Pour les personnes qui ne peuvent pas parler, la technique pourrait éventuellement leur permettre de s'exprimer en montrant des images de ce qu'elles perçoivent, se souviennent ou imaginent. Les images suspectes pourraient théoriquement être plus précises. La recherche pourrait également permettre de comprendre comment le cerveau perçoit les visages qui pourraient aider les personnes atteintes de prosopagnosie congénitale, communément appelée cécité du visage. Les personnes atteintes de cette maladie sont incapables de reconnaître les visages, aussi familiers soient-ils.
Malgré l’ambiance science-fiction de la recherche, Nemrodov déclare que nous ne devrions pas nous inquiéter d’usages sinistres et dystopiques.
«Il y a peu de raisons de penser que nous pourrons lire l'esprit des gens contre leur volonté en utilisant notre méthode», dit-il. "Afin de produire des résultats précis, nous comptons sur la collaboration des participants pour prêter attention aux stimuli présentés."
Selon Jack Gallant, neuroscientifique en cognition à l'Université de Californie à Berkeley, l'utilisation de scanners cérébraux pour reproduire des images pose des problèmes éthiques.
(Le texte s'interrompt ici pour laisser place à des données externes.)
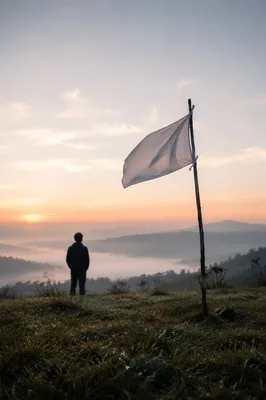 White Flag of Surrender at Sunrise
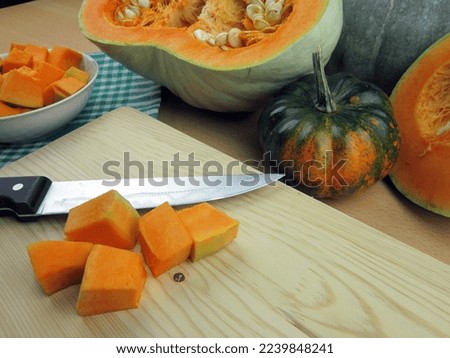          fresh zucchini in slices on a pumpkin cutting board. Autumn dinner preparation. Baked zucchini or zucchini                      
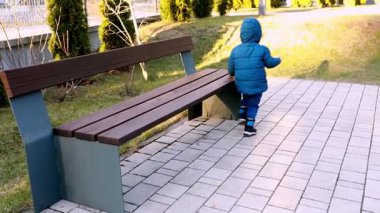 Mavi ceket giyen ve eşleşen pantolon giyen genç bir çocuk ahşap bir bankın yanındaki kaldırımlı yolda yürüyor. Güneş, sakin bir park batımında ışıldıyor..
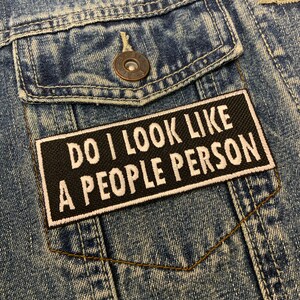 May include: A black patch with white text that reads "Do I look like a people person?" sewn onto a blue denim jacket.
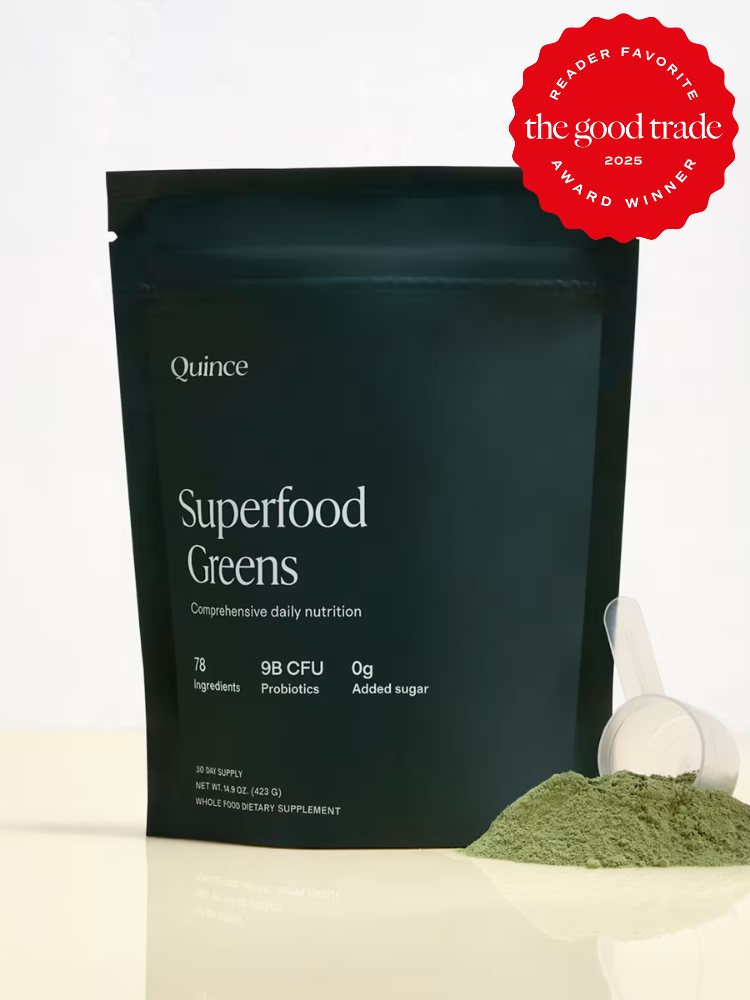 A pouch of Quince Superfood Greens powder with a scoop and some powder beside it; a red award badge says "Reader Favorite, The Good Trade, 2025 Award Winner.
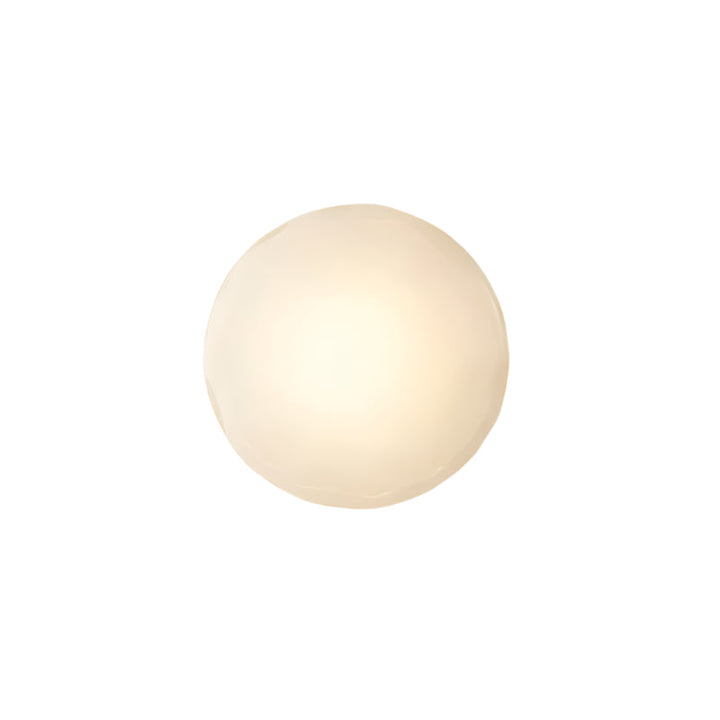 Skandynawska okrągła lampa ścienna LED, teksturowana pow., minimalistyczna, do korytarza.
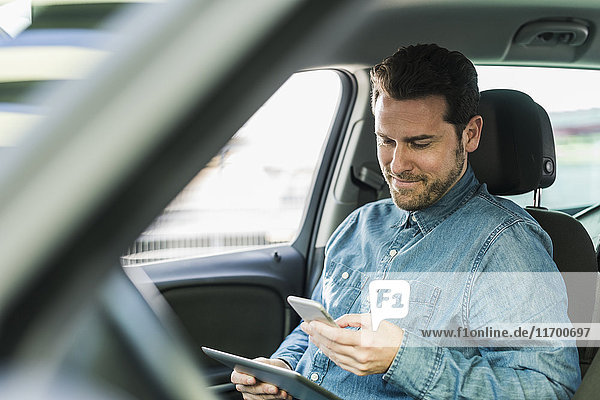 Geschäftsmann im Auto sitzend mit Smartphone und digitalem Tablett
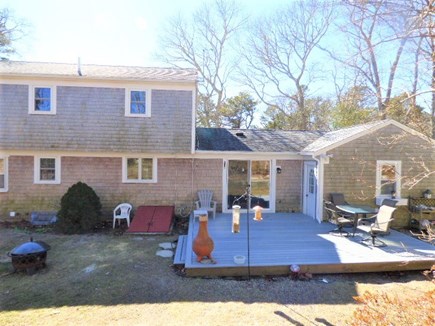 Yarmouthport Cape Cod vacation rental - Back yard deck (new deck furniture stored in garage for now)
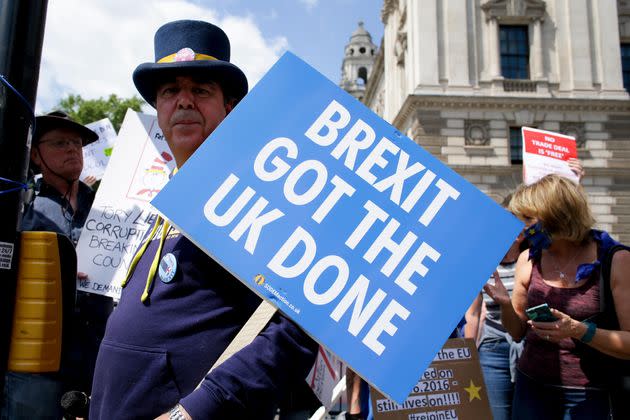 Anti-Brexit activists marking the fifth anniversary of the UK's EU membership referendum demonstrate outside the Houses of Parliament. (Photo: Anadolu Agency via Getty Images)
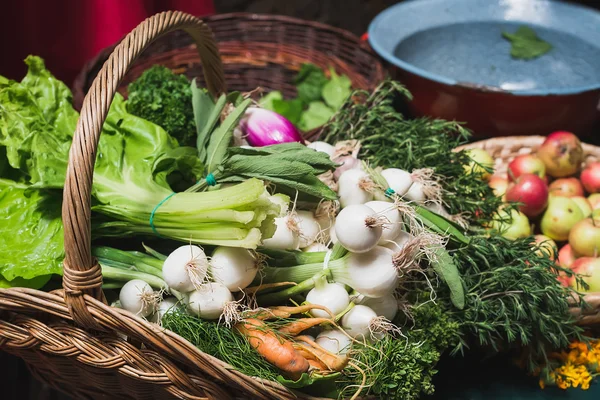 Fresh vegetables and herbs in rustic basket at Sunday market — Stok fotoğraf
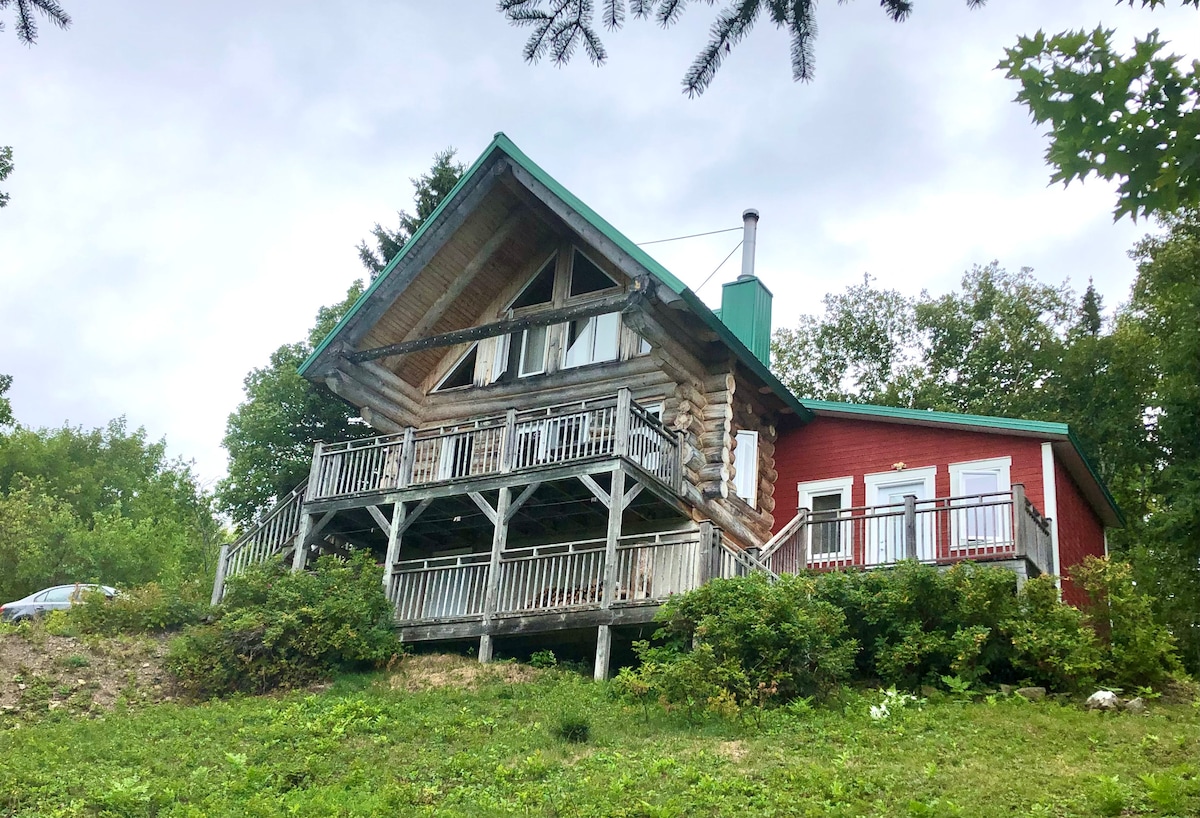 A charming log cabin is positioned on a hillside, featuring a sloped roof and multiple balconies. A red section of the building contrasts with the natural surroundings, while lush greenery frames the cabin, enhancing its natural setting.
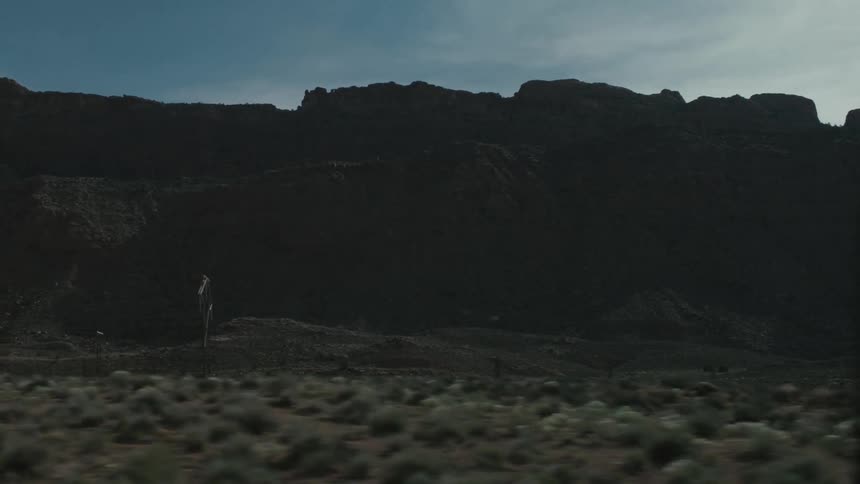 Mountains and desert seen from a traveling vehicle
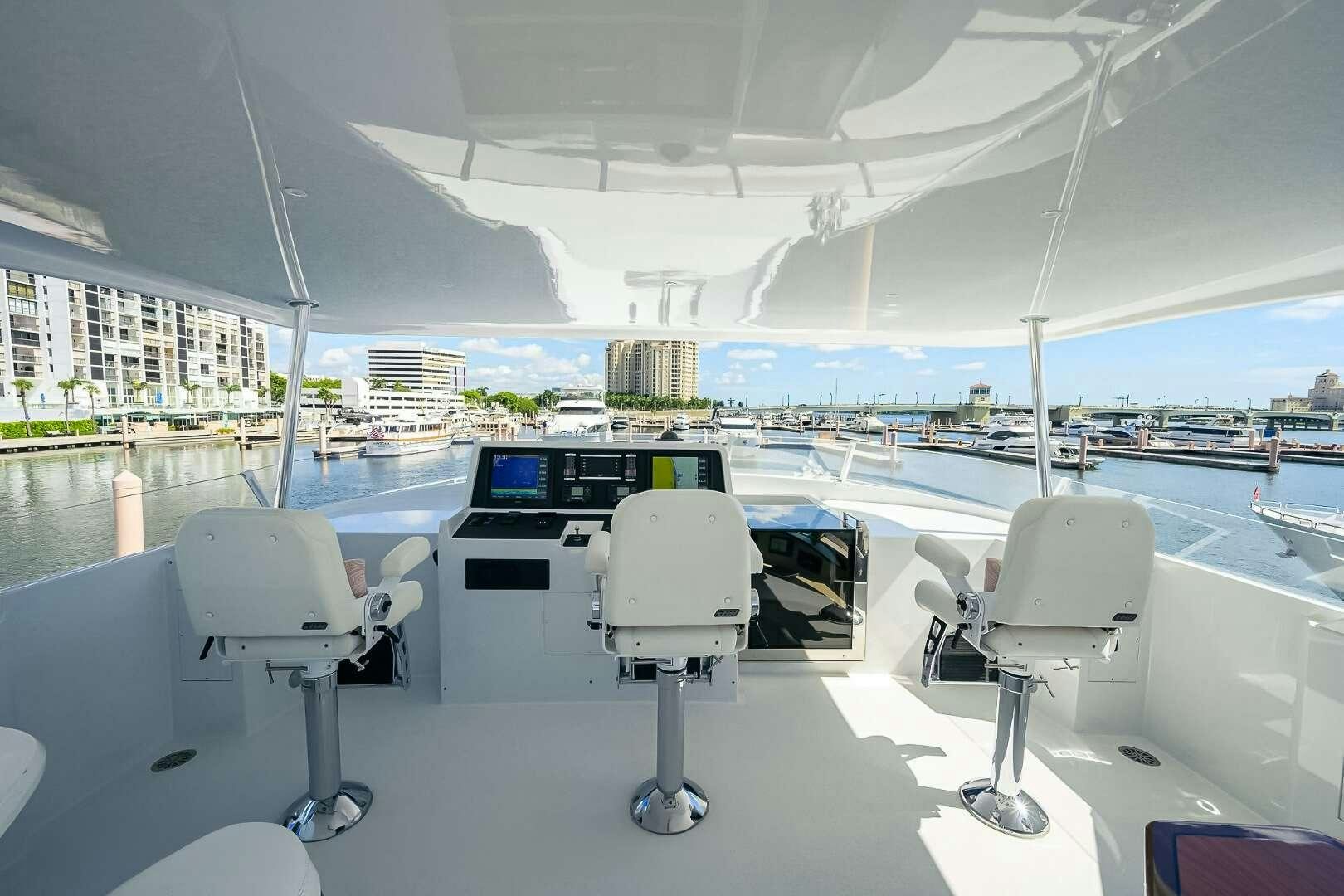 a group of white chairs under a tent aboard HARD TIMES Yacht for Charter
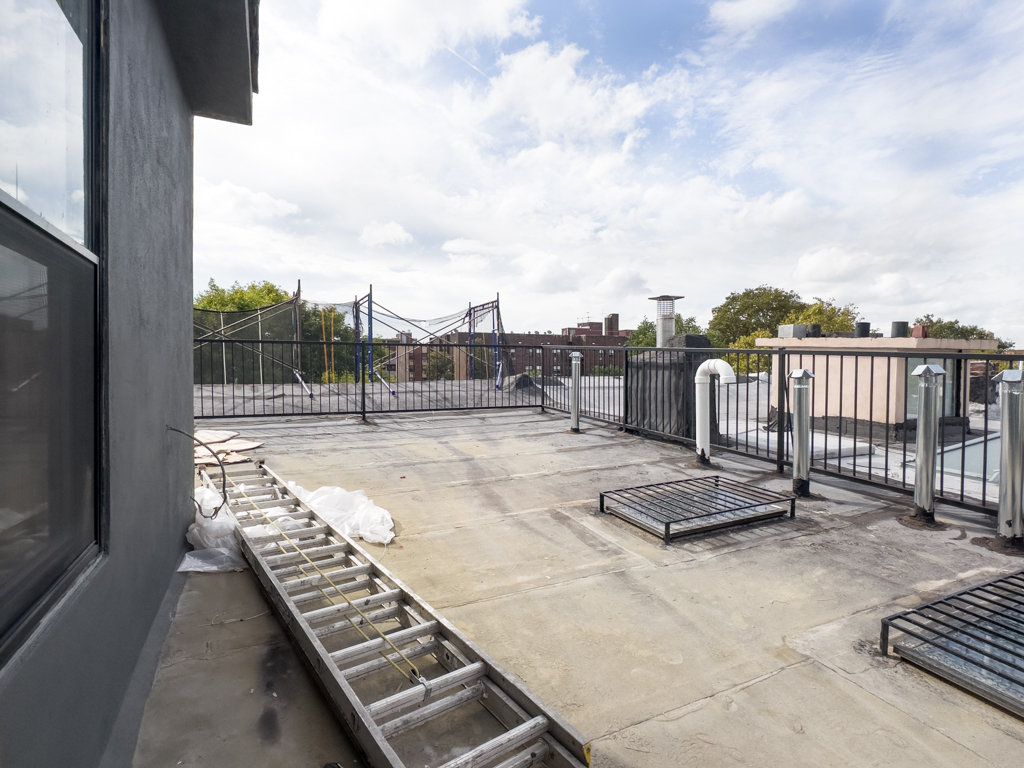 795 Quincy Street Brooklyn, NY 11221 - Photo 16 of 17 a terrace with a city view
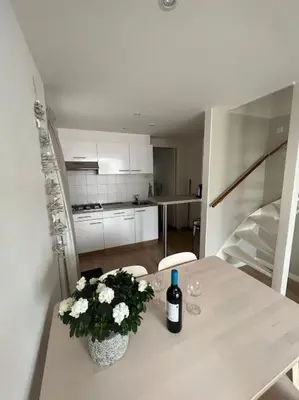 a white table with a bottle of wine and flowers on it at Have a nice stay! - Zomerhuis Toda Cambia dicht bij strand in Noordwijk aan Zee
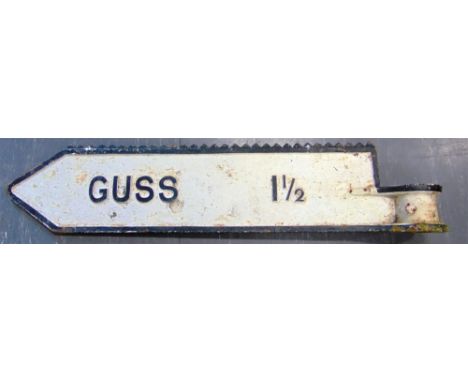 A CAST IRON SIGN-POST ARM 'GUSS'  with a serated upper edge, 103.5cm long.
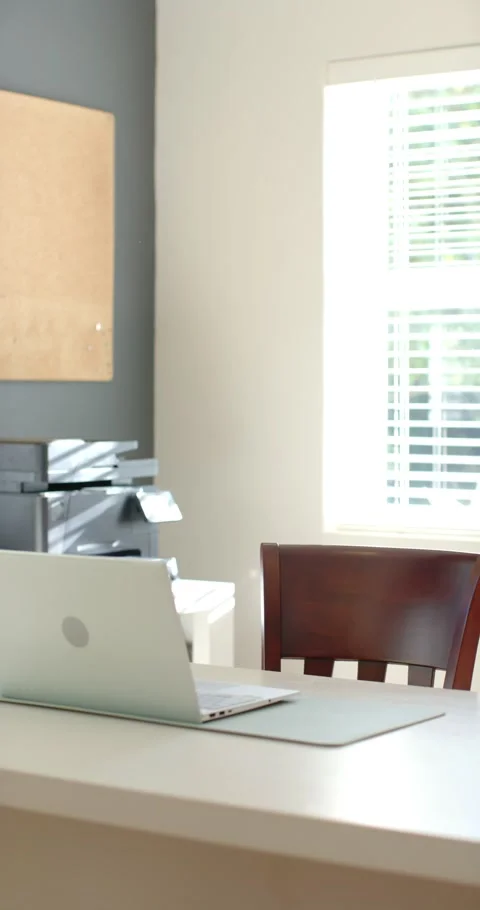 Vertical video: Sunlight shining through blinds is shifting shadows across desk Stock Footage 345092685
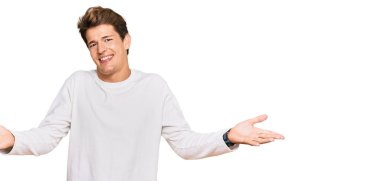 Yakışıklı, beyaz süveter giyen, neşeli gülümseyen, yardım eli uzatan ve kabul gören beyaz bir adam.. 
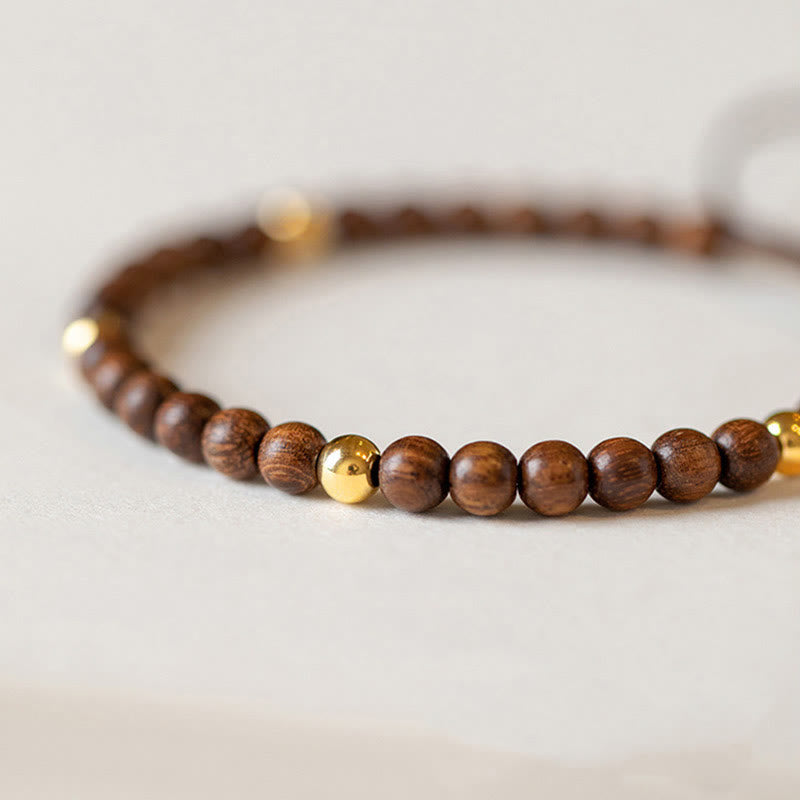 Bracelet de protection en perles de cuivre plaqué or 14 carats ultra-minces en bois de santal de 4 mm de Buddha Stones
Mais ces questions ne seront pertinentes que lorsque les interfaces de décodage des ondes cérébrales seront beaucoup plus avancées. Afin de faire de la reconstruction d’image un outil utile pour de nombreuses applications, nous avons besoin d’un appareil portable et capable de mesurer à haute résolution, en capturant à la fois les dimensions spatiale et temporelle.
«Nous ne savons pas quand un tel appareil deviendrait disponible», explique Gallant. "Si nous savions comment construire cette chose, nous la construirions déjà."